WHAT THE EXERCISE ASKS
Print nothing but the lines below starting at the line that holds "Zendaya and Tom" and ending at the line that holds "Relic of Progenitus Planechase Magic card", including both, each exactly as written.

DATA SHOWN

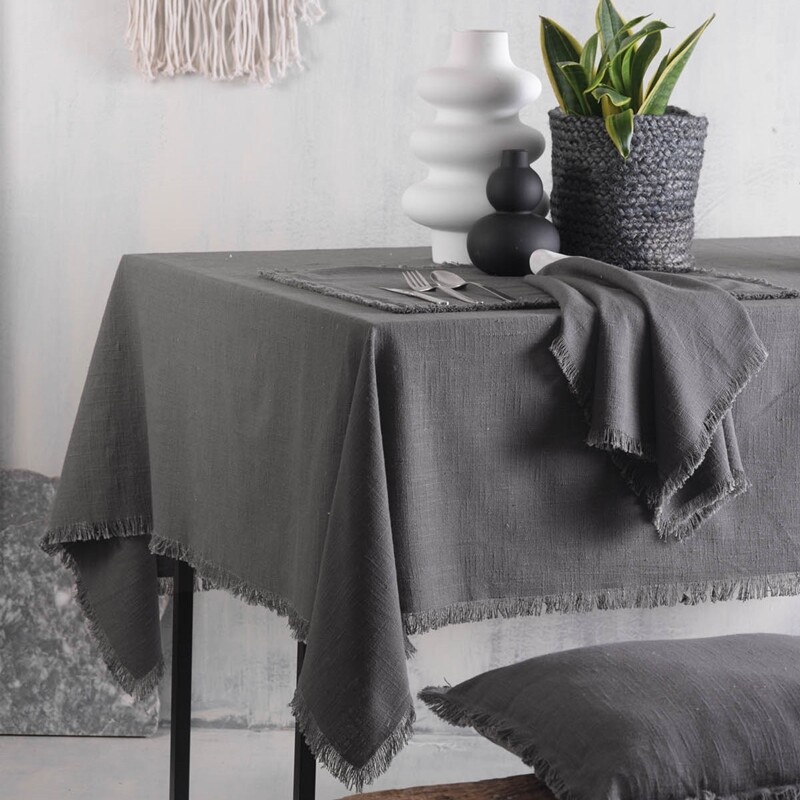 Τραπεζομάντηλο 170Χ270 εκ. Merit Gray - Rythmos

--

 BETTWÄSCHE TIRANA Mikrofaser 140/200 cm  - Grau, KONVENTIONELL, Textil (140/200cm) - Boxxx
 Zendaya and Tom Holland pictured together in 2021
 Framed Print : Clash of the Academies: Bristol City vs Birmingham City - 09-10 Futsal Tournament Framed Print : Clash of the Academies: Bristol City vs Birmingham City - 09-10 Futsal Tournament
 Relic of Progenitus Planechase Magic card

---

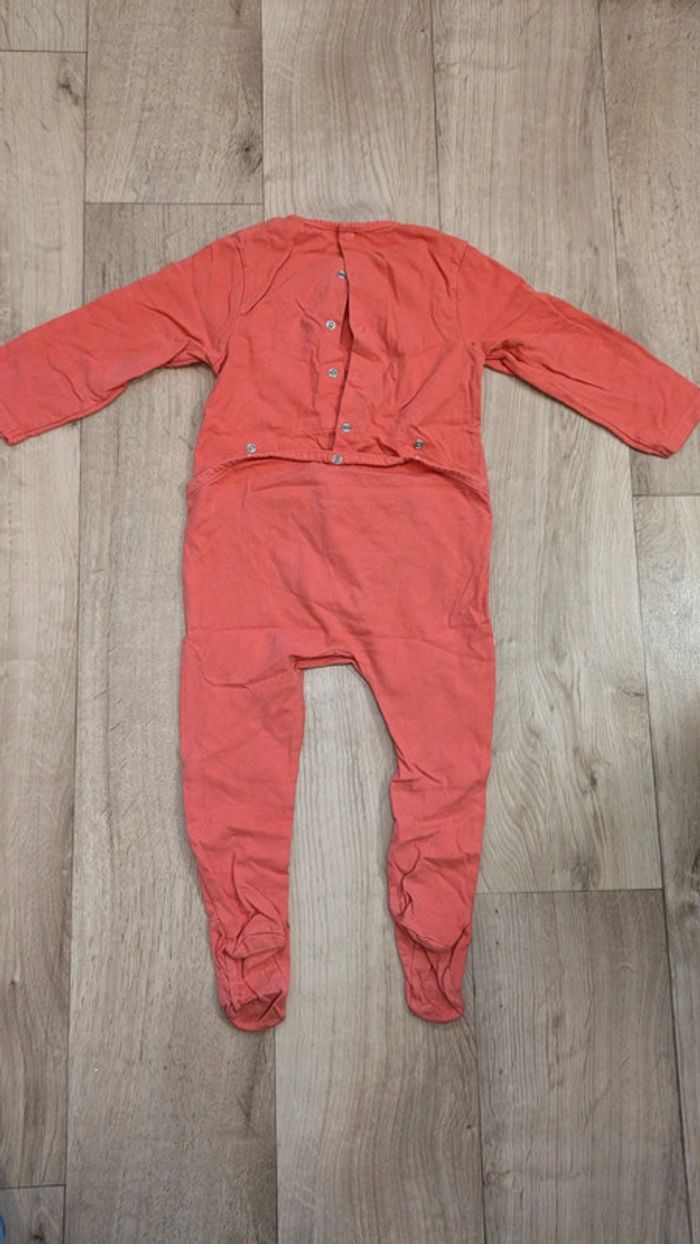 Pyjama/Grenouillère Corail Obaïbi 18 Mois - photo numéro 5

SOLUTION TO THIS TASK
 Zendaya and Tom Holland pictured together in 2021
 Framed Print : Clash of the Academies: Bristol City vs Birmingham City - 09-10 Futsal Tournament Framed Print : Clash of the Academies: Bristol City vs Birmingham City - 09-10 Futsal Tournament
 Relic of Progenitus Planechase Magic card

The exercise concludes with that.